**Task item:** Transcribe each line of the records below exactly, excluding any embedded images.

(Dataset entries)
"""
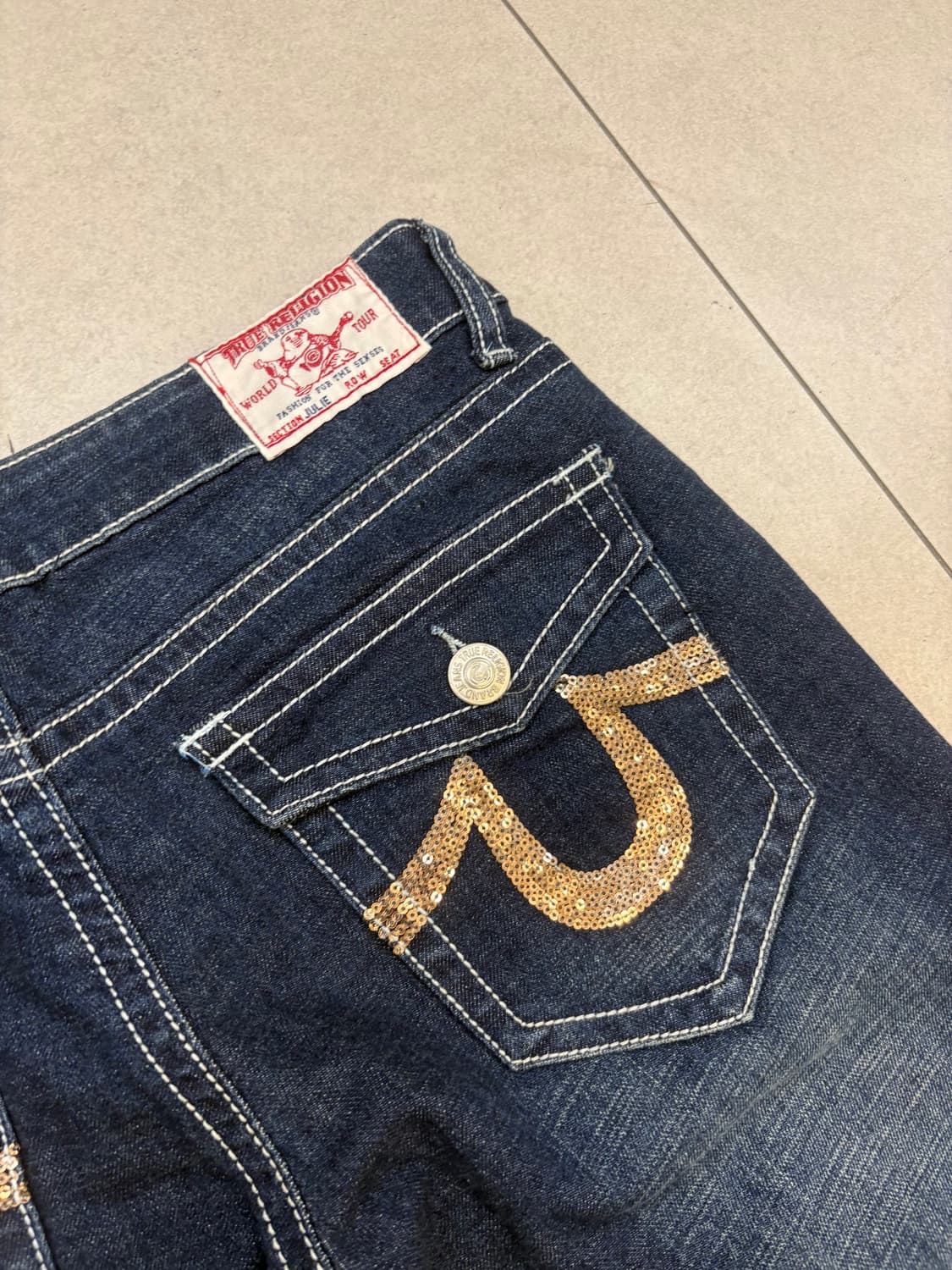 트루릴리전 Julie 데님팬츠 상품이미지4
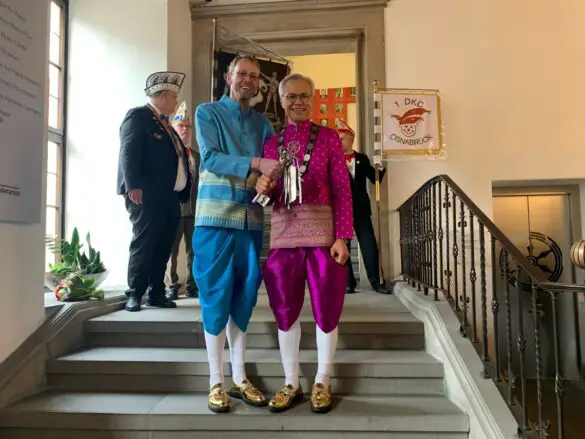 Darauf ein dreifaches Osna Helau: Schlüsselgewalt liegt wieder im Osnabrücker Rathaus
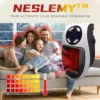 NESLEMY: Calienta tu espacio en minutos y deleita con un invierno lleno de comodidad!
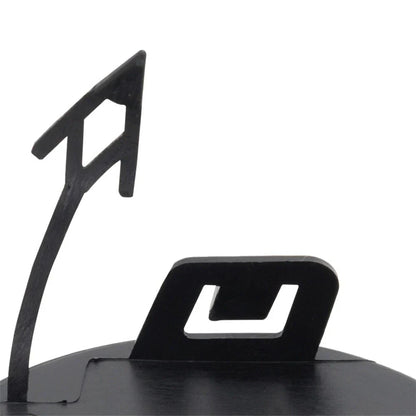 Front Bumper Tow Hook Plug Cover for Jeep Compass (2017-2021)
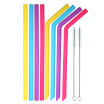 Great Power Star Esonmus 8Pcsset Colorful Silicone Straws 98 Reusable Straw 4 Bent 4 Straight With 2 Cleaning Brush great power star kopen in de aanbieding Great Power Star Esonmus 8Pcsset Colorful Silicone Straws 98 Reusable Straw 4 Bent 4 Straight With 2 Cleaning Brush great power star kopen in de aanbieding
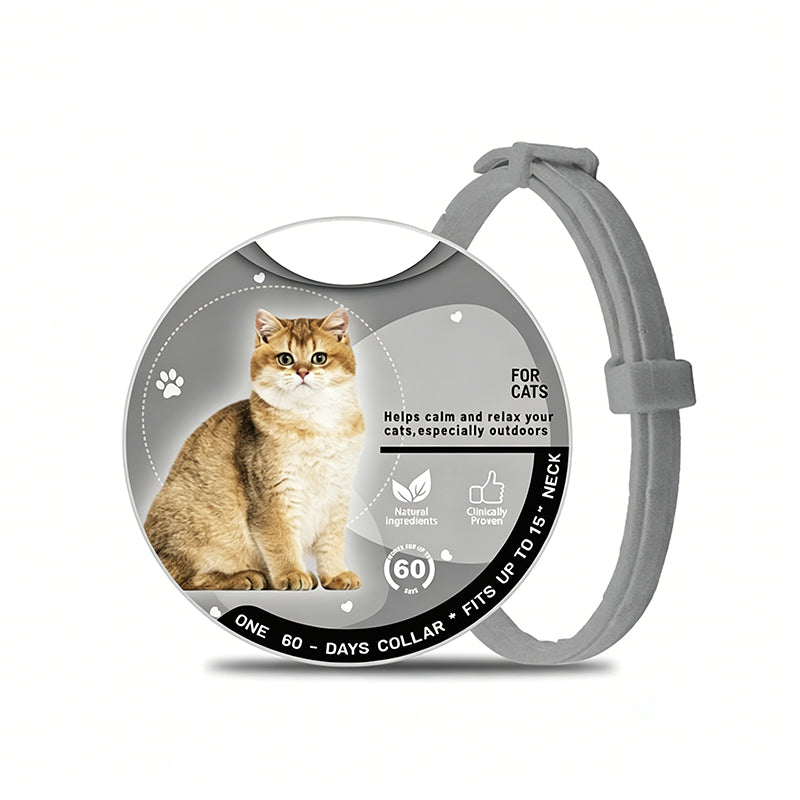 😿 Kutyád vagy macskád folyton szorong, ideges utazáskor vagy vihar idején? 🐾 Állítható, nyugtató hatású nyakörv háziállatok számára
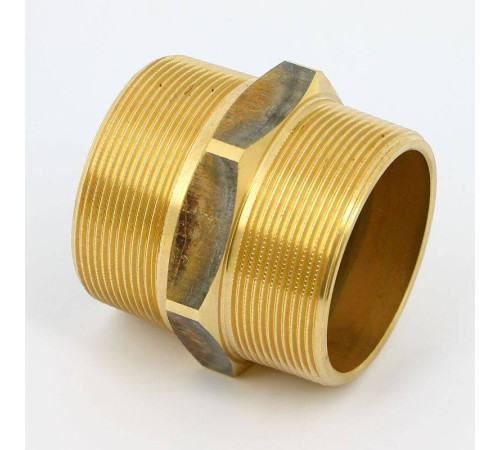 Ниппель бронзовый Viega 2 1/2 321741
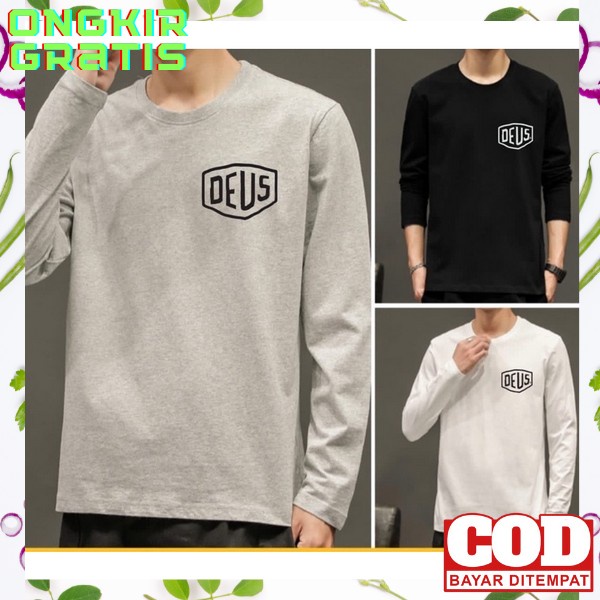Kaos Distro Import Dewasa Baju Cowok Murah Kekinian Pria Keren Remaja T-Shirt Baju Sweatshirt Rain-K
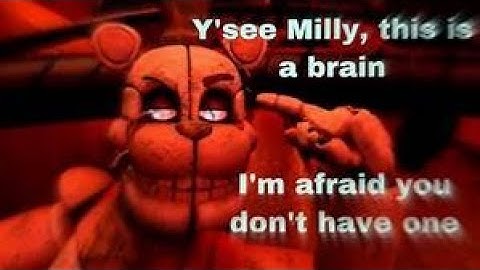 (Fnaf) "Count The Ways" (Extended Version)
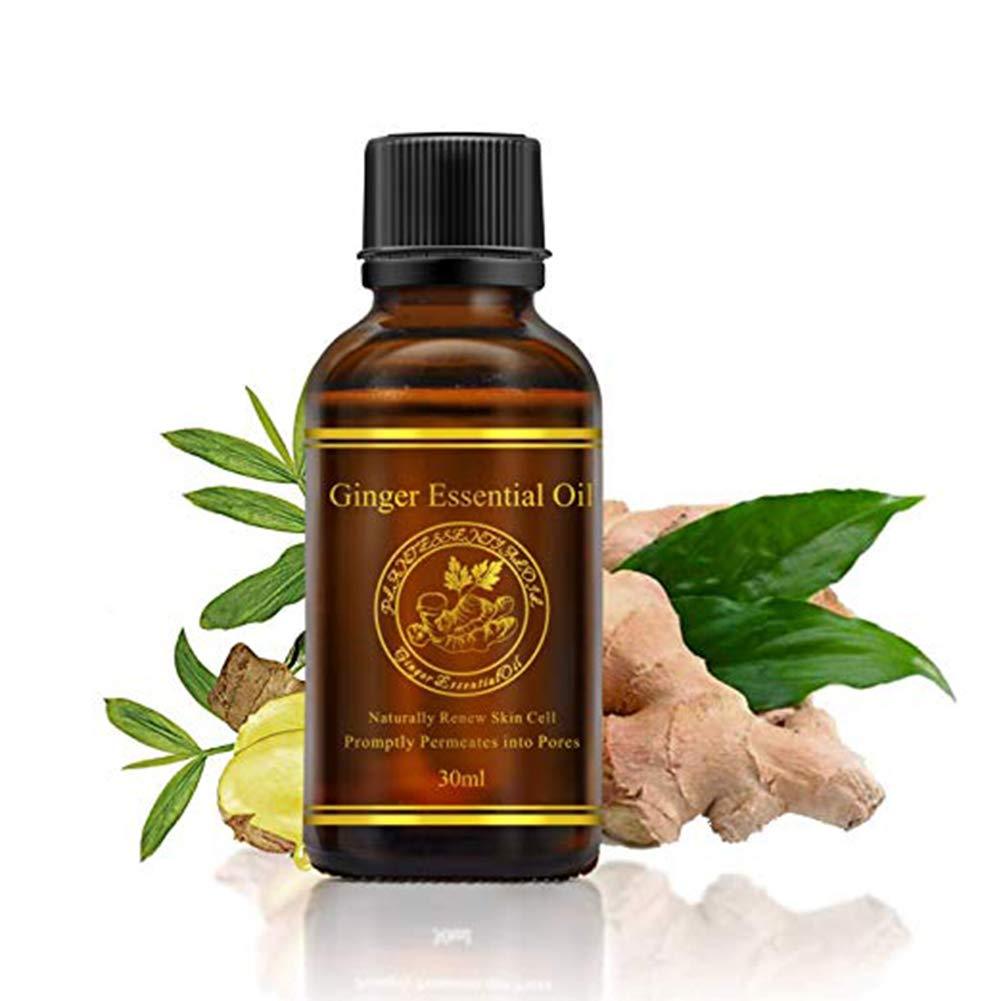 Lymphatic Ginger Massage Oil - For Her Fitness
"""
**Result of this task:**
 트루릴리전 Julie 데님팬츠 상품이미지4
 Darauf ein dreifaches Osna Helau: Schlüsselgewalt liegt wieder im Osnabrücker Rathaus
 NESLEMY: Calienta tu espacio en minutos y deleita con un invierno lleno de comodidad!
 Front Bumper Tow Hook Plug Cover for Jeep Compass (2017-2021)
 Great Power Star Esonmus 8Pcsset Colorful Silicone Straws 98 Reusable Straw 4 Bent 4 Straight With 2 Cleaning Brush great power star kopen in de aanbieding Great Power Star Esonmus 8Pcsset Colorful Silicone Straws 98 Reusable Straw 4 Bent 4 Straight With 2 Cleaning Brush great power star kopen in de aanbieding
 😿 Kutyád vagy macskád folyton szorong, ideges utazáskor vagy vihar idején? 🐾 Állítható, nyugtató hatású nyakörv háziállatok számára
 Ниппель бронзовый Viega 2 1/2 321741
Kaos Distro Import Dewasa Baju Cowok Murah Kekinian Pria Keren Remaja T-Shirt Baju Sweatshirt Rain-K
 (Fnaf) "Count The Ways" (Extended Version)
 Lymphatic Ginger Massage Oil - For Her Fitness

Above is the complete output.